PROBLEM DESCRIPTION:
Below are records with pictures in them. Transcribe everything from the line containing "Women Maroon Handwoven Ajrakh Wool Shawl" down to the line containing "Active customers list", exactly, and leave the pictures behind.

RECORD SET:
######
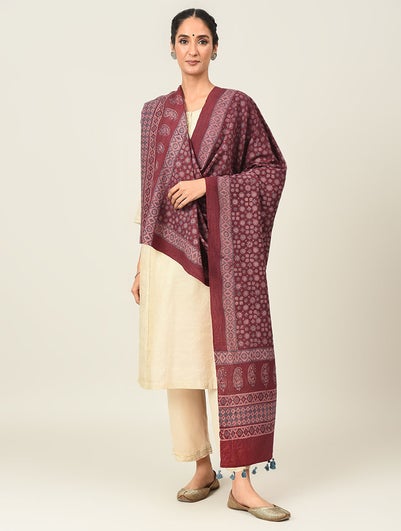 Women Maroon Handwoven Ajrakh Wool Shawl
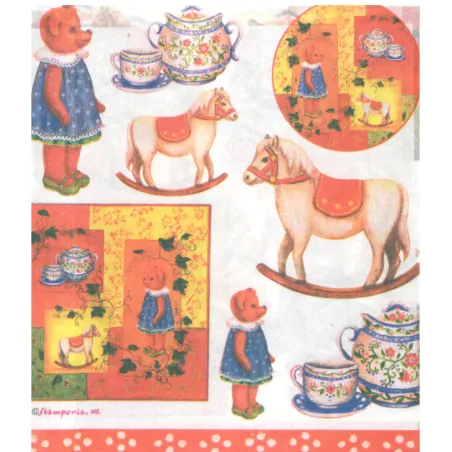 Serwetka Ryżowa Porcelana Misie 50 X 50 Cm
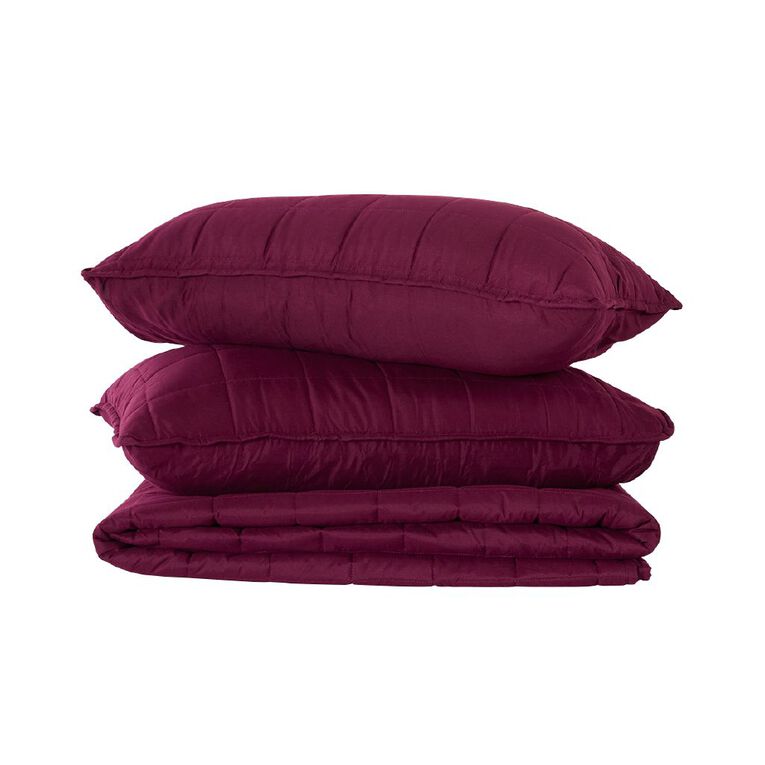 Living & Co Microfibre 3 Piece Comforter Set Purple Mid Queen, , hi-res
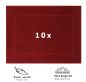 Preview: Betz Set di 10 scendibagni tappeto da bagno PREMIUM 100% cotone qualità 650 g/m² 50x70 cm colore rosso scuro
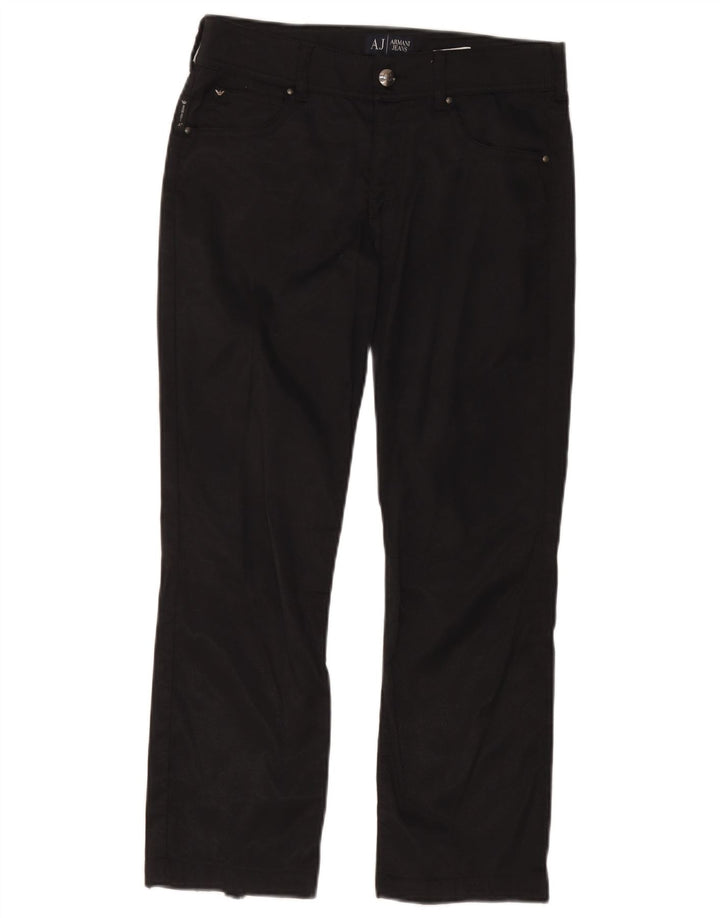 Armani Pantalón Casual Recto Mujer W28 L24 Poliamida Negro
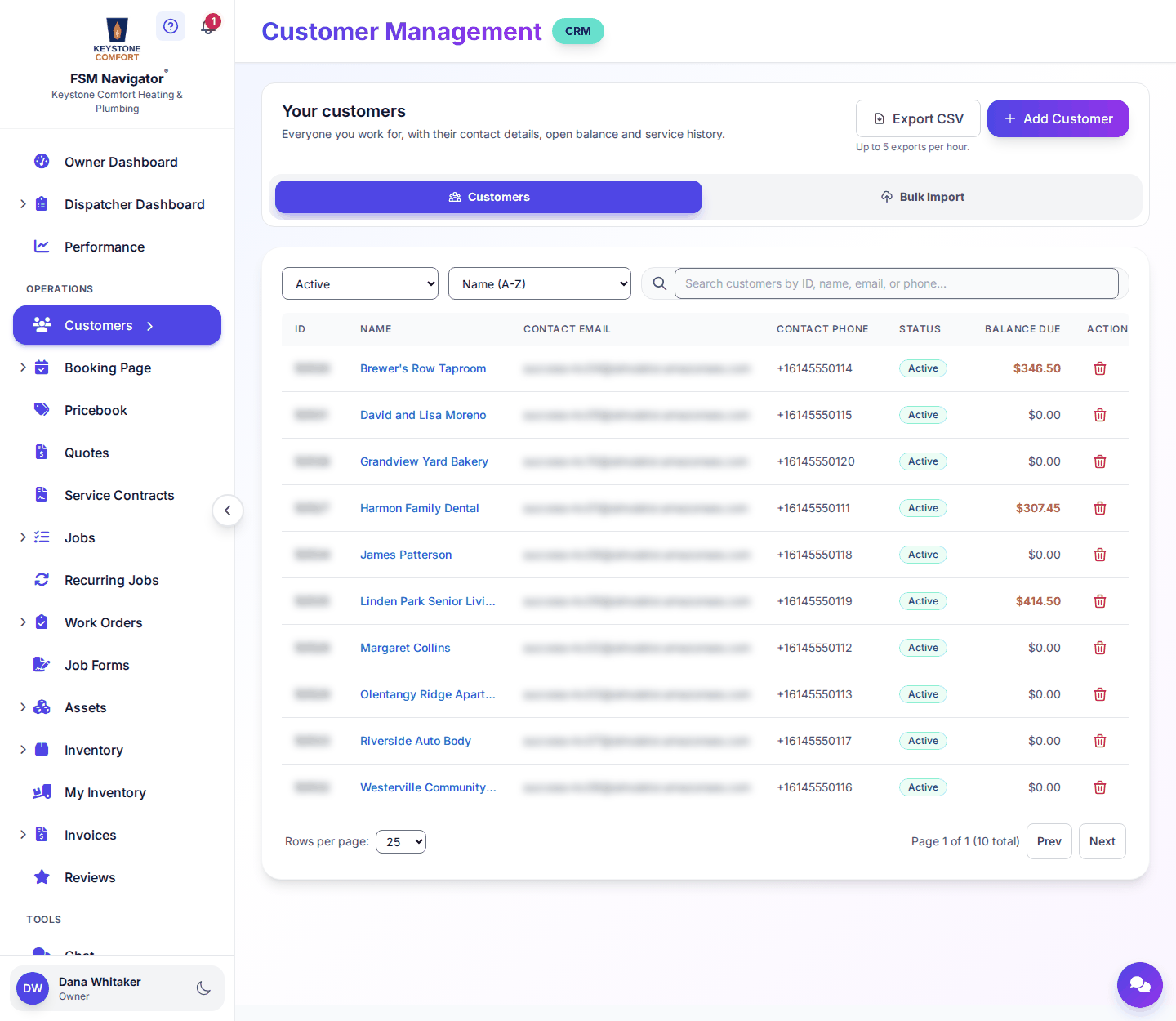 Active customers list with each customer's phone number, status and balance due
######
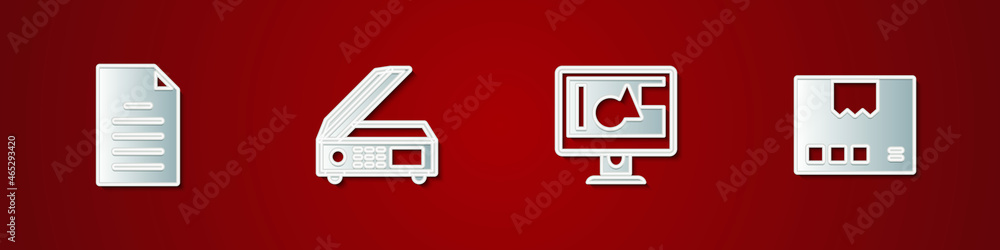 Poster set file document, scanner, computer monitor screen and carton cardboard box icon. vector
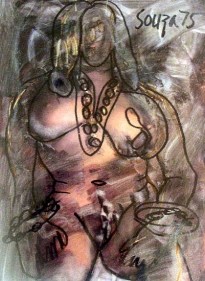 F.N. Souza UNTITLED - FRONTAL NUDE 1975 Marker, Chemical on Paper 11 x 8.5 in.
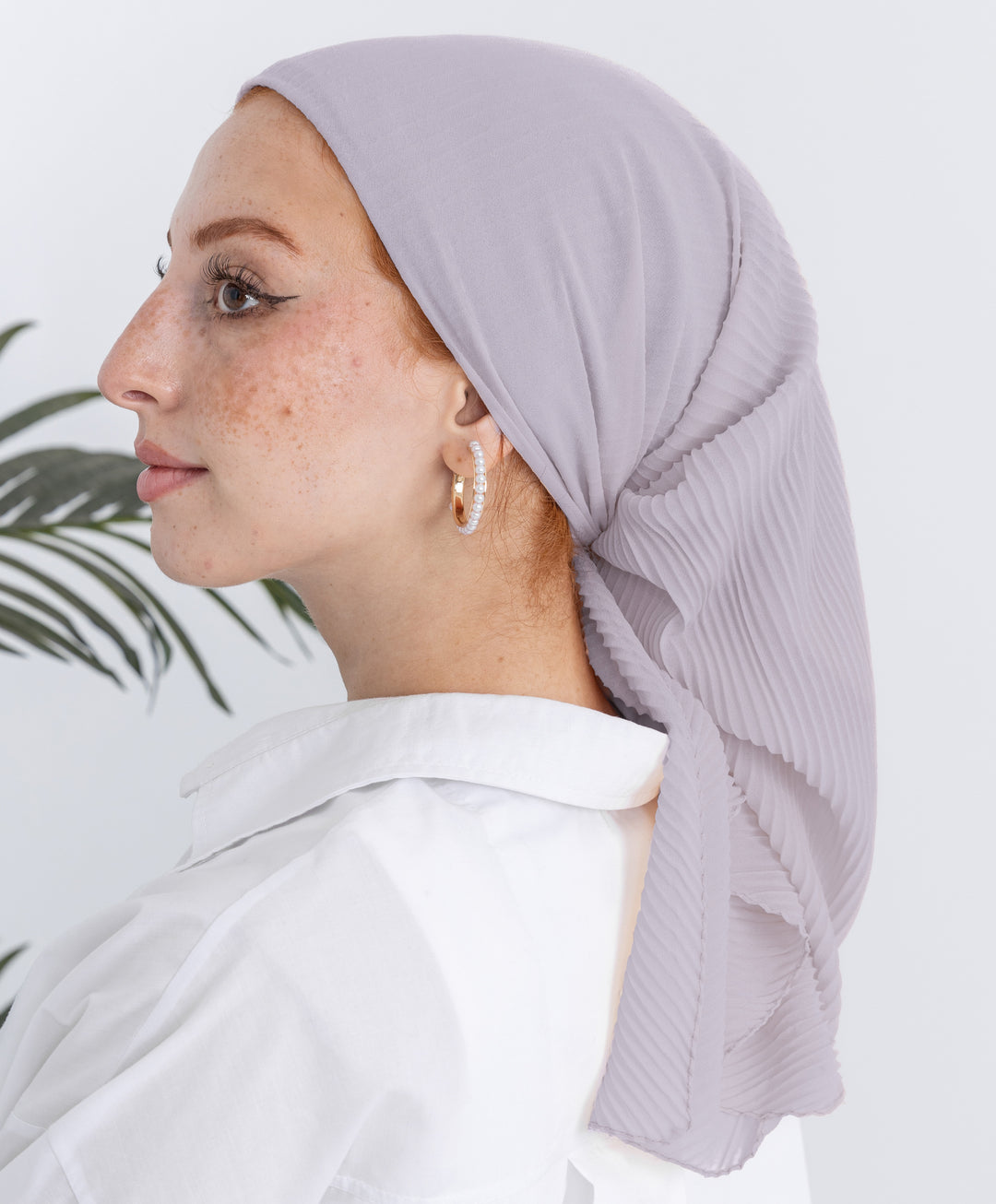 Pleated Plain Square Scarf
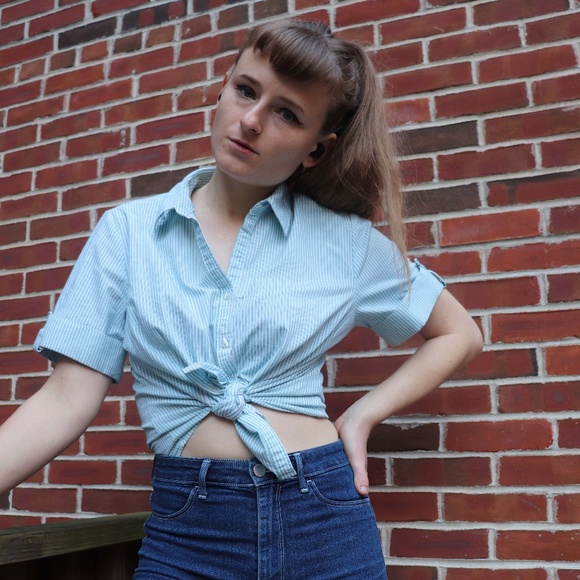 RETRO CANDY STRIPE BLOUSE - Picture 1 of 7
######
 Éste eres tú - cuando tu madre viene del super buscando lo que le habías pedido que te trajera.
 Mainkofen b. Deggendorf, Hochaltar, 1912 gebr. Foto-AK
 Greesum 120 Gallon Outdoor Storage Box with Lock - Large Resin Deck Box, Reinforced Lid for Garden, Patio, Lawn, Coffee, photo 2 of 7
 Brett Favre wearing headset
######
SOLUTION TO THIS TASK:
 Women Maroon Handwoven Ajrakh Wool Shawl
 Serwetka Ryżowa Porcelana Misie 50 X 50 Cm
 Living & Co Microfibre 3 Piece Comforter Set Purple Mid Queen, , hi-res
 Preview: Betz Set di 10 scendibagni tappeto da bagno PREMIUM 100% cotone qualità 650 g/m² 50x70 cm colore rosso scuro
 Armani Pantalón Casual Recto Mujer W28 L24 Poliamida Negro
 Active customers list with each customer's phone number, status and balance due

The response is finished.